The nuclear industry is focusing some efforts on increasing the operational safety of current nuclear reactors and improving the safety of future types of reactors. In this context, the paper is focused on testing and evaluating the corrosion behavior of a thin chromium coating, deposited by Electron Beam Physical Vapor Deposition on Zy-4. After autoclaving under primary circuit conditions, the Cr-coated Zy-4 samples were characterized by gravimetric analysis, optical microscopy, SEM with EDX, and XRD. The investigation of the corrosion behavior was carried out by applying three electrochemical methods: potentiodynamic measurements, EIS, and OCP variation. A plateau appears on the weight gain evolution, and the oxidation kinetics generate a cubic oxidation law, both of which indicate a stabilization of the corrosion.

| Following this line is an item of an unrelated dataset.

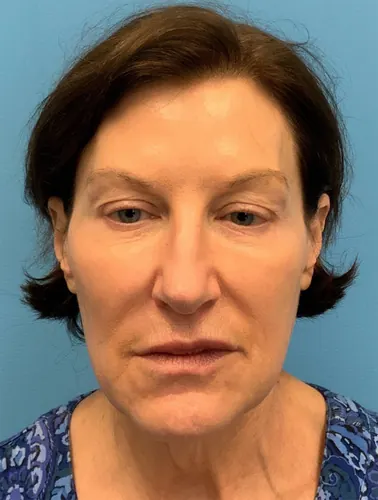 Facelift Case #9966 — before, Dr. Arjun Kanuri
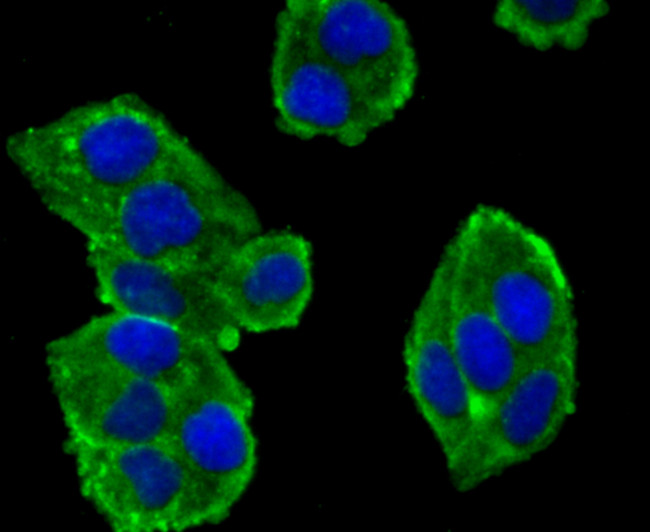 alpha Actinin 4 Antibody in Immunocytochemistry (ICC/IF)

By optical microscopy, it was observed a relatively uniform distribution of hydrides along the samples, in the horizontal direction. By SEM investigations it was observed that after the autoclaving period, the coatings with thickness from 2 to 3 µm are still adherent and maintain integrity. The XRD diffractograms showed a high degree of crystallinity with the intensity of chromium peaks higher than the intensity of zirconium peaks. Electrochemical results indicate better corrosion behavior after 3024 h of autoclaving.